Thrombin inhibitor reduces myocardial infarction in apoE−/−× LDLR−/−mice

Abstract

We have previously shown that atherosclerotic apolipoprotein E-deficient (apoE^−/−) × LDL receptor-deficient (LDLR^−/−) mice develop myocardial infarction when exposed to hypoxic stress. This study was performed to assess the role of thrombin and thrombosis in this process. ApoE^−/− × LDLR^−/− mice were fed a cholesterol-rich diet for 8 mo and were then subjected to hypoxic stress while receiving isoflurane anesthesia. One group received a bolus dose (5.6 μmol/kg) of the thrombin inhibitor melagatran, and control animals received PBS 10 min before the hypoxic stress. The mice were exposed to 10 min of hypoxia followed by normoxia. Ten minutes after the stress, Alzet pumps delivering melagatran (20 nmol·kg·⁻¹min⁻¹) or PBS were implanted, and the mice were allowed to recover for 48 h. The cardiac response was analyzed by histology, immunohistochemistry, and serum troponin T assay.
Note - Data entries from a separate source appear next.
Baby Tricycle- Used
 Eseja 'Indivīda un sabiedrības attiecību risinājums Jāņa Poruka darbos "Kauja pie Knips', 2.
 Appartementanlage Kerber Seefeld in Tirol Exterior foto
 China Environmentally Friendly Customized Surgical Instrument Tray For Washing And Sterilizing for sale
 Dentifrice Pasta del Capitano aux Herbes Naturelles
All animals showed reversible ECG changes as a sign of ischemia during hypoxic stress, and 50% developed infarctions afterward as judged by troponin T levels. The group that received thrombin inhibitor had significantly lower troponin T and smaller myocardial infarctions than the PBS-treated group. These data show that thrombin generation is an important pathogenetic factor and suggest that coronary thrombosis is involved in myocardial infarction in atherosclerotic mice. Exposure of atherosclerotic mice to hypoxia leads to myocardial infarction through a two-phase pathway in which acute transient ischemia is followed by thrombin-dependent, irreversible, myocardial ischemia and myocardial cell death.